コロナ禍やKOJIさんの療養の影響で、2年のインターバルを経てのリリースとなりましたが、構想はだいぶ前から練られていたようで、1stアルバム「Wonderland For The Lost Children」と地続きの音楽性と言えるのではないでしょうか。

 

デジタルサウンドを多用し、無機質でメカニカルな世界観を構築。

そこに、KOJIさんによる異国情緒漂うギターのフレーズを絡ませ、彼ら流のファンタジーに仕立てた個性的な音楽性。

色気を滲ませて艶やかに歌い上げるmichi.さんも、ときには荒々しく、ときには繊細に、異質な世界の語り部にふさわしい表現力を見せつけていて、ありそうでなかったヴィジュアル・スチームパンクをすっかり定義づけてしまいました。

キャリアに裏付けられた実力と、新しい音楽に挑戦する意欲のたまもの。

ライブで楽曲を育てた部分もあって、バラエティ性に富んでいる中で、ライブ感を維持しているのもポイントですね。

かっちりと作り込まれた世界において、ふとした瞬間に垣間見える生々しさが、グッと引き込まれる味わい深さになっています。

 

ふたりが在籍していたMASCHERAと、La'cryma Christi。

どちらのファンが聴いても、あの頃の香りを感じ取れるエッセンスを塗しつつ、そこから先、ALICE IN MENSWEARの音楽として昇華していくセンスはさすが。

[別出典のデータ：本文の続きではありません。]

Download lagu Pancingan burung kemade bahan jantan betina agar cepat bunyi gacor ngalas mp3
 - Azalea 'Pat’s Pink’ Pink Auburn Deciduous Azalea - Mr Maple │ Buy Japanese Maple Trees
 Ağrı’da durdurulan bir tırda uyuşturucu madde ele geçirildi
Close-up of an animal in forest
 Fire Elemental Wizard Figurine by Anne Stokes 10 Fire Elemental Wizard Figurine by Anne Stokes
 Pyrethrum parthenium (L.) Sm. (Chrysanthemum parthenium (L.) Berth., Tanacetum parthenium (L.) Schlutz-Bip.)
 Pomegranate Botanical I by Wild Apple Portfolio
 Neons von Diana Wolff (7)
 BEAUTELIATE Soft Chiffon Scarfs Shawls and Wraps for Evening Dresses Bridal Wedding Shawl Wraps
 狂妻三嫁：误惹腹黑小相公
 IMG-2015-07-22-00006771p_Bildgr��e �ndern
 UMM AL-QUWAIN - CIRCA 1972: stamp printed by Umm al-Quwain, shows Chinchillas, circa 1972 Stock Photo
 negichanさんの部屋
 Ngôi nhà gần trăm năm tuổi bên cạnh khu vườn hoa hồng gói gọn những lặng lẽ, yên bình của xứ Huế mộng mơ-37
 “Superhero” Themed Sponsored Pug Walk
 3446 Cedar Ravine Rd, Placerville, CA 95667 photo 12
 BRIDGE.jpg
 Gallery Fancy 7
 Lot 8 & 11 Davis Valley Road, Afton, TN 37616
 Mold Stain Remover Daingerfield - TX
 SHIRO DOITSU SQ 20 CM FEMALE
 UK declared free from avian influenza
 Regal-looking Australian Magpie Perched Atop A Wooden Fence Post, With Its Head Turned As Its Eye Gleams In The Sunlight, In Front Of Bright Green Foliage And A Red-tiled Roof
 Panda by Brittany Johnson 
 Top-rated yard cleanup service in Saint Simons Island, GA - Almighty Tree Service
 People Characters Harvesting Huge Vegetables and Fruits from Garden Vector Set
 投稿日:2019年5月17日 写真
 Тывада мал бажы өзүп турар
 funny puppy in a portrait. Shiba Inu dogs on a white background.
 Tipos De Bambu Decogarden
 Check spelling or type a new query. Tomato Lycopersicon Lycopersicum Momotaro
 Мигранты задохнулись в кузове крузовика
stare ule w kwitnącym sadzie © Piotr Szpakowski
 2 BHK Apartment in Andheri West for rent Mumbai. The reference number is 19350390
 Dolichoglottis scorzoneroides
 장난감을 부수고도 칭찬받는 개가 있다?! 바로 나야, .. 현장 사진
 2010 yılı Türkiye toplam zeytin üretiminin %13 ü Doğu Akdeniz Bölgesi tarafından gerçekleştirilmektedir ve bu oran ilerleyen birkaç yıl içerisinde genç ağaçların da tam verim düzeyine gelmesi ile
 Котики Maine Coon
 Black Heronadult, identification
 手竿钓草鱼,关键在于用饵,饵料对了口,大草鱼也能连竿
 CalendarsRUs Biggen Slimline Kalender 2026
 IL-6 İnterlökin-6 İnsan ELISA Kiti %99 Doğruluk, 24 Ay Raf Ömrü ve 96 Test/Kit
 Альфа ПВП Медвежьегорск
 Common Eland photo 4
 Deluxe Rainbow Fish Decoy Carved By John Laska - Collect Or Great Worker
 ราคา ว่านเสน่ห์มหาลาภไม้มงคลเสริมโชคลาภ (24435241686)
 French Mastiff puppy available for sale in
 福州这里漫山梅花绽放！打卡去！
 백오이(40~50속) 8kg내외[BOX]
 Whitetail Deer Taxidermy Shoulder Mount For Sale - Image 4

リードトラックである「アンドレス」が9曲目に挿入されるのは、セオリーからすれば意外な気がするものの、アルバムを通して聴けば、盛り上がりのピークにキラーチューンを持ってくるという意図が見えてきますよ。

独特なノリの「TRANSITION」や、ドラマティックに展開しながらダンサブルに開けていく「ラプラスの針」など佳曲も多く、前作同様、必聴盤。

時代感に因らず、幅広いV系リスナーに刺さりそうな1枚です。